Could every line below be transcribed exactly, with the pictures dropped?

▶ **STORED DATA**
--------------------

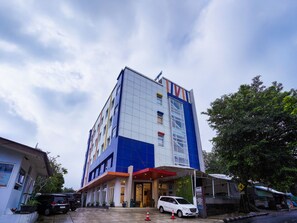Exterior - Sparks Odeon Sukabumi - Artotel Curated (Sukabumi)
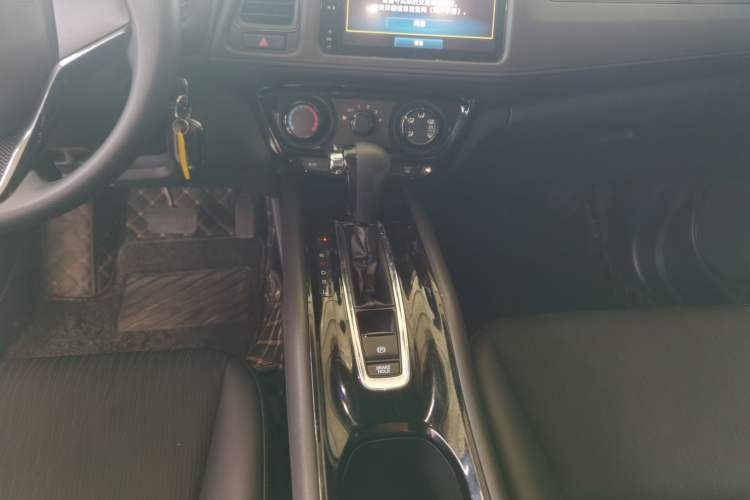 Used Honda Vezel 2020 1.5L CVT Pioneer Edition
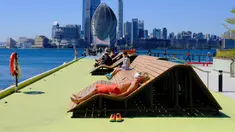 Seorang pria yang mengenakan masker berjemur di taman tepi laut, Hong Kong, 8 Maret 2022. COVID-19 varian Omicron yang menyebar cepat membanjiri Hong Kong serta mendorong pengujian massal, karantina, pembelian panik di supermarket, dan rumah sakit kekurangan tempat tidur. (AP Photo/Vincent Yu)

--------------------

▶ **ANSWER TO THE PROBLEM**
Exterior - Sparks Odeon Sukabumi - Artotel Curated (Sukabumi)
 Used Honda Vezel 2020 1.5L CVT Pioneer Edition
 Seorang pria yang mengenakan masker berjemur di taman tepi laut, Hong Kong, 8 Maret 2022. COVID-19 varian Omicron yang menyebar cepat membanjiri Hong Kong serta mendorong pengujian massal, karantina, pembelian panik di supermarket, dan rumah sakit kekurangan tempat tidur. (AP Photo/Vincent Yu)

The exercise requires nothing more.